Discussion in 'Indo-Iranian Languages' started by tonyspeed, Mar 27, 2013.

  1. tonyspeed Senior Member

    JA- English & Creole
    In Hindi/Urdu there seems to be a way of formulating insults using what sounds to me like "kaa in kaa". So one could say "bevakoof kaa in kaa", "gadhaa kaa in kaa" etc... What exactly does this mean? Am I hearing this correctly?
  2. tonyspeed Senior Member

    JA- English & Creole
    QP-saahib says : "I think you have possibly "kahiiN" in mind. be-vuquuf kahiiN kaa, paagal kahiiN kaa etc" So does this mean "from somewhere or the other" in this usage?
  3. Alfaaz Senior Member

    Could you perhaps provide an example of what you are hearing as "kaa in kaa" ?
  4. greatbear Senior Member

    India - Hindi & English
    I think you mean "kahiiN kaa", TS: there is no need to literally translate it, it's purely idiomatic. Examples: "gadhaa kahiiN kaa", "dhok(h)ebaaz kahiiN kaa", "ulluu kahiiN kaa", etc. It intensifies the negative attribute you are ascribing to someone. It is also used playfully a lot; also used independently rarely (and sometimes with neutral words - e.g., "chal haT yahaan se! chhoraa kahiiN kaa!", "muuaa kahiiN kaa", etc.).
  5. marrish Senior Member

    اُردو Urdu
    I agree with GB and appreciate his having indicated the lack of aspiration on the second syllable for 'dhokaa' in Urdu. GB, just to check, what is being meant by chhoraa in your example?
  6. greatbear Senior Member

    India - Hindi & English
    "chhoraa" means a boy, a teenager, marrish: more used in Rajasthani Hindi, but also used in rural areas of Uttar Pradesh. ("chhorii" is the word for girl.) You might be knowing the corresponding Gujarati words, "chhokraa"/"chhokrii".
  7. marrish Senior Member

    اُردو Urdu
    Great.

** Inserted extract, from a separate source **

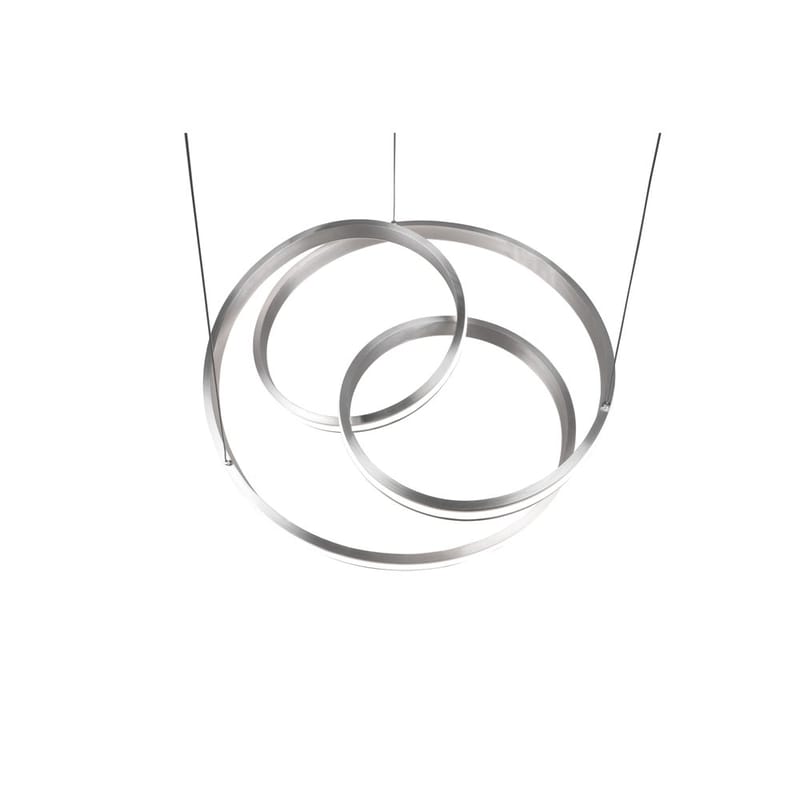 Loftlampe Nuria - Børstet stål - Belysning - Lamper & indendørsbelysning - Loftlampe - Pendellamper & hængelamper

The reason I was asking is my close friend from Hariyana uses it all the time.

    You are right, I can speak (and read!) a mouthful of Gujarati and chhokraa/-ii are THE words.
  8. greatbear Senior Member

    India - Hindi & English
    ^ HaryaNRvii speech is very close to western UP's rural speech (migrant communities, including the strong community of Agrawals, from Haryana to UP), so that does give a clue from where rural western UP got its chhoraas and chhoriis from. Thanks!
  9. tonyspeed Senior Member

    JA- English & Creole
    Thank you all.
  10. Qureshpor Senior Member

    Punjabi, Urdu پنجابی، اردو
    Some further thoughts.

    I agree that "kahiiN kaa" adds emphasis but I think one can possibly interpret it in the following ways too.

    gadhaa kahiiN kaa!

    1) gadhaa!...nah jaane kahaaN kaa hai? lekin yahaaN kaa nahiiN! (yahaaN ke log gadhe nahiiN!)

    2) jahaaN kaa bhii hai, hai to gadhaa hii!

    3) jahaaN kahiiN kaa hai, vuh jagah itnii achchhii nahiiN ho saktii! (kyoNkih yih gadhaa vahaaN se hai!)
    Last edited: Mar 31, 2013
  11. marrish Senior Member

    اُردو Urdu
    kahiiN kaa - nah (na for Hindi) jaane kahaaN kaa

    Edit: sorry, you have covered it in 1)! But your deliberations go much further!